Saat pemugaran Ka'bah, orang-orang Quraisy membuat Ka'bah bertambah tinggi. Sebelumnya, tinggi Ka'bah hanya sembilan hasta (kira-kira empat atau 4,5 meter) ditambah sembilan hasta lagi menjadi 18 hasta (8-9 meter). Sementara itu, pintu Ka'bah diangkat menjadi lebih tinggi sehingga tidak lagi menempel di tanah. Tujuan mereka melakukan hal ini adalah:
- Memperkuat fondasi Ka'bah dan tidak terkena banjir saat hujan.

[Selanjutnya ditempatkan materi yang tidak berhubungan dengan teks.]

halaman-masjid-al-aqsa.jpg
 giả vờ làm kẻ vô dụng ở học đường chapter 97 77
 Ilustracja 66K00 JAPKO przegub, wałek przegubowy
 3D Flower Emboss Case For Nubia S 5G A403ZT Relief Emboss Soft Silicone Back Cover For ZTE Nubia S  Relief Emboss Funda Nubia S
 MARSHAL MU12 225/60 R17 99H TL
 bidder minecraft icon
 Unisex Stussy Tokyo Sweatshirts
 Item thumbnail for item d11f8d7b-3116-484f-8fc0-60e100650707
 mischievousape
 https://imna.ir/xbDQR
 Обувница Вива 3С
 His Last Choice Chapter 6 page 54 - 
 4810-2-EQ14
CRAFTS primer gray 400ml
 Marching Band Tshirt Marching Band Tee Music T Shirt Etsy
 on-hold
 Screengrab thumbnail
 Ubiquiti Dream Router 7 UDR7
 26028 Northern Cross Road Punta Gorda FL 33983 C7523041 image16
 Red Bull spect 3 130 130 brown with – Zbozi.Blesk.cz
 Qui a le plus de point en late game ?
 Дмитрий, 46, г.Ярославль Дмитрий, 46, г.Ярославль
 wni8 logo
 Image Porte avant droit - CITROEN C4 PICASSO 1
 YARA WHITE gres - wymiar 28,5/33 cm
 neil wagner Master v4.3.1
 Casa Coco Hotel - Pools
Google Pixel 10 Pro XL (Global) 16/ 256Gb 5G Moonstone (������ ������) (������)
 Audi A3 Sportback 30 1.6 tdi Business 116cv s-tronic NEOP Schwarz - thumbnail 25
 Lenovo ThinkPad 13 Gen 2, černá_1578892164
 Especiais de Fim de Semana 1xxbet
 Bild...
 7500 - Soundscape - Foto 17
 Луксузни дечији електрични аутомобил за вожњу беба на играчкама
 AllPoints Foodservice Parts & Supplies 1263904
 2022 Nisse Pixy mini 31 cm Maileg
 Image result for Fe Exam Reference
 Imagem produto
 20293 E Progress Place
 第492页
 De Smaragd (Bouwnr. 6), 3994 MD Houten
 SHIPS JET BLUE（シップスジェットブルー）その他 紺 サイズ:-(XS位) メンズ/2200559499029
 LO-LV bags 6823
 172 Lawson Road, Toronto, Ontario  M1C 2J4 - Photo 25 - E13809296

- Agar tidak semua orang bisa masuk Ka'bah. Mereka yang ingin masuk Ka'bah harus meminta izin terlebih dahulu kepada orang-orang Quraisy. Aisyah Radhiyallahu anha berkata:
Aku bertanya kepada Nabi ﷺ tentang al-Jadr (al-Hijr), "Apakah ia termasuk Ka'bah?" Nabi berkata, "Iya". Aku berkata, Lantas, kenapa mereka tidak memasukkannya menjadi bagian Ka'bah?". Beliau berkata, "Sesungguhnya biaya yang disiapkan kaummu (Quraisy) untuk membangun Ka'bah tidak cukup". Aku bertanya, "Kenapa pintunya dinaikkan tinggi?" Beliau berkata, "Itu sengaja dilakukan oleh kaummu agar mereka bebas memasukkan ke Ka'bah siapa yang mereka sukai dan mereka bisa melarang siapa yang mereka kehendaki." (HR Bukhari dan Muslim)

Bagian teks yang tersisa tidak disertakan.